If possible, please work with a partner. Groups of three are also fine. If you would prefer to work alone, that's OK. If you would like help finding a partner, contact me on Slack.

For the final project, you will develop a GUI application using Java and JavaFX. The key areas of attention for this project will be:

Choosing a program

Almost any GUI program can be organized successfully around MVC. However, one of my main goals for this project is to give you a non-trivial experience with MVC. With that in mind (but also remembering the deadline of November 19), I want your program to have a Model that is complex enough to warrant at least two different kinds of View.

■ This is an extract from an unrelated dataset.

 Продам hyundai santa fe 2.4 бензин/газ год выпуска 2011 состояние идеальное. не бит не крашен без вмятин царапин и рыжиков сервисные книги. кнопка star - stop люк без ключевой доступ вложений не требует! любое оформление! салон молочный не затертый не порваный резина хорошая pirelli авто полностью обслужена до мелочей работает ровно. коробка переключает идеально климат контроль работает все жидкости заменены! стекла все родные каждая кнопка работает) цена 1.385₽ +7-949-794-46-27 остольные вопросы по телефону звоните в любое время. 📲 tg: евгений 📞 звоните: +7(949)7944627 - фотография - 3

One way to start thinking about your idea's Model is to ask a couple questions: "What are the main things in my program that could be made into Java classes or interfaces, and then aggregated in my Model? Or alternatively, of what information does the current state of my program consist? The following examples illustrate that way of thinking.

Example: Simulations

John Conway's Game of Life describes a simple system of rules modeling birth and death of cells in a 2D grid. Conway's rules generate beautiful and fascinating evolution of populations. The Game of Life was one of the earliest examples in the general category of cellular automata.

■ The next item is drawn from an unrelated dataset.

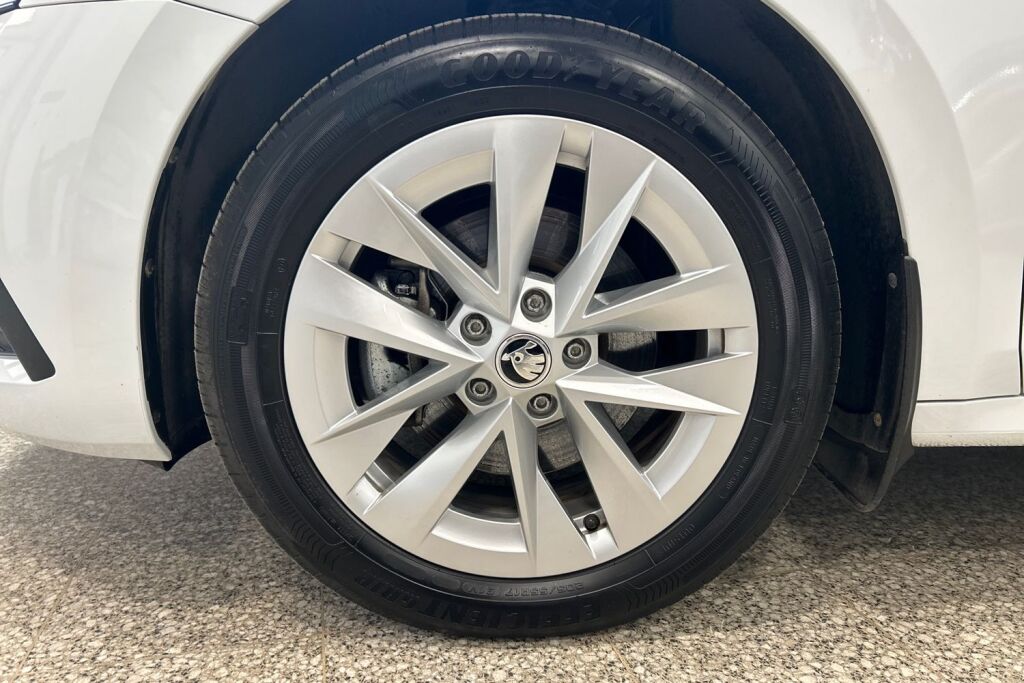 SKODA OCTAVIA 2024 Combi 1.4 TSI PHEV Ambition iV DSG Autom.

You might create a program that runs Game of Life simulations, but also collects running statistics on the simulation. For example, one View could show the population of cells, while another could show a graph over time of the population density.

There are lots of other cool things to do with simulations, cellular or otherwise. This predator-prey simulation, for example, allows the user to specify birth rates and death rates of two interacting species, and has both a view of the full current population and a graphical view of population levels.

Similarly, a program that generates Julia sets based on user-entered parameters, or that allows the user to explore the Mandelbrot set, could give you simultaneous views at more than one level of resolution.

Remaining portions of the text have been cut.